| EXERCISE INPUTS |
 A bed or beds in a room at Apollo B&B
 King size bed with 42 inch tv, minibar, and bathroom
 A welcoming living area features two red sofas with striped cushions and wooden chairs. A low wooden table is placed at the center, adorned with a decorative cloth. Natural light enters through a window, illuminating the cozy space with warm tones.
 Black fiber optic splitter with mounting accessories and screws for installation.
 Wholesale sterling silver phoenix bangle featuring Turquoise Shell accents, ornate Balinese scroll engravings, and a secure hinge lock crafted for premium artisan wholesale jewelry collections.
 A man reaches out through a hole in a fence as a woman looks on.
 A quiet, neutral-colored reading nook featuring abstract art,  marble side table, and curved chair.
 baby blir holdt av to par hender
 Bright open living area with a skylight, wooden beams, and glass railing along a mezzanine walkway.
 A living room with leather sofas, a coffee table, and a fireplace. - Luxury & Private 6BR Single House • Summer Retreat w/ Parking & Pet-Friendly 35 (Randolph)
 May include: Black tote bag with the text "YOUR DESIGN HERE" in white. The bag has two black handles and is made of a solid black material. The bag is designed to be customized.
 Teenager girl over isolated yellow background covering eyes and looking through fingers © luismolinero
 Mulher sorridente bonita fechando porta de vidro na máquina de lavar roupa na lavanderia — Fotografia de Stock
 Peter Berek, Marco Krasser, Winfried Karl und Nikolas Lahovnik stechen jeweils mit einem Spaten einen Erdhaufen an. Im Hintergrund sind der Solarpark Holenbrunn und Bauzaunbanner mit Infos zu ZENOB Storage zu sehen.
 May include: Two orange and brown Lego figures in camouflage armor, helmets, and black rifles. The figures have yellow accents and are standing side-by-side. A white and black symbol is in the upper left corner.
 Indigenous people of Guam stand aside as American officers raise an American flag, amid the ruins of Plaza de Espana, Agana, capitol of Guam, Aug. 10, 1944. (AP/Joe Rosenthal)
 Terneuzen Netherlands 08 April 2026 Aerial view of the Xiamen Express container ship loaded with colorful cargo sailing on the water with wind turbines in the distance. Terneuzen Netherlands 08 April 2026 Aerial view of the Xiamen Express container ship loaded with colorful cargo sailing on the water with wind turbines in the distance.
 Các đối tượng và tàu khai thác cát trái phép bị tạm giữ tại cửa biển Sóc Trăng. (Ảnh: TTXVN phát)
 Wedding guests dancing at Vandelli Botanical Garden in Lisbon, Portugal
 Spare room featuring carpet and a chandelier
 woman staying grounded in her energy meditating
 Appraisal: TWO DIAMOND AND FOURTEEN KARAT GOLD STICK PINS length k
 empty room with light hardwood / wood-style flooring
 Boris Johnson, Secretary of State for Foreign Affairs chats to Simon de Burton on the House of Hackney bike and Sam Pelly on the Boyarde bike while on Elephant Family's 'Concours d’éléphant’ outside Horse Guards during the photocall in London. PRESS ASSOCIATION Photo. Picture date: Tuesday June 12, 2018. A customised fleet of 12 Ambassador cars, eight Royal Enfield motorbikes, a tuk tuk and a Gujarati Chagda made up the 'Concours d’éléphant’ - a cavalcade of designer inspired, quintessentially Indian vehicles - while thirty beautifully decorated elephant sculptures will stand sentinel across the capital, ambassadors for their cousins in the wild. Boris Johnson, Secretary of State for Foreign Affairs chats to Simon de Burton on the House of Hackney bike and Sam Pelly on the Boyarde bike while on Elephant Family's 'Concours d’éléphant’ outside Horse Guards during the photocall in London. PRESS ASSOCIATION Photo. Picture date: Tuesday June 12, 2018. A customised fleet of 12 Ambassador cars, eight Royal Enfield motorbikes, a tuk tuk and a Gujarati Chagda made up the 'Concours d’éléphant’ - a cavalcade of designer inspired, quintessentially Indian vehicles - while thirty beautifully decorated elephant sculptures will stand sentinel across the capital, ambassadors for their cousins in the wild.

| WORK INSTRUCTION |
Set down only the lines above that fall between the line holding "Mulher sorridente bonita" and the line holding "Indigenous people of", inclusive, keeping each exact.

| RESPONSE |
 Mulher sorridente bonita fechando porta de vidro na máquina de lavar roupa na lavanderia — Fotografia de Stock
 Peter Berek, Marco Krasser, Winfried Karl und Nikolas Lahovnik stechen jeweils mit einem Spaten einen Erdhaufen an. Im Hintergrund sind der Solarpark Holenbrunn und Bauzaunbanner mit Infos zu ZENOB Storage zu sehen.
 May include: Two orange and brown Lego figures in camouflage armor, helmets, and black rifles. The figures have yellow accents and are standing side-by-side. A white and black symbol is in the upper left corner.
 Indigenous people of Guam stand aside as American officers raise an American flag, amid the ruins of Plaza de Espana, Agana, capitol of Guam, Aug. 10, 1944. (AP/Joe Rosenthal)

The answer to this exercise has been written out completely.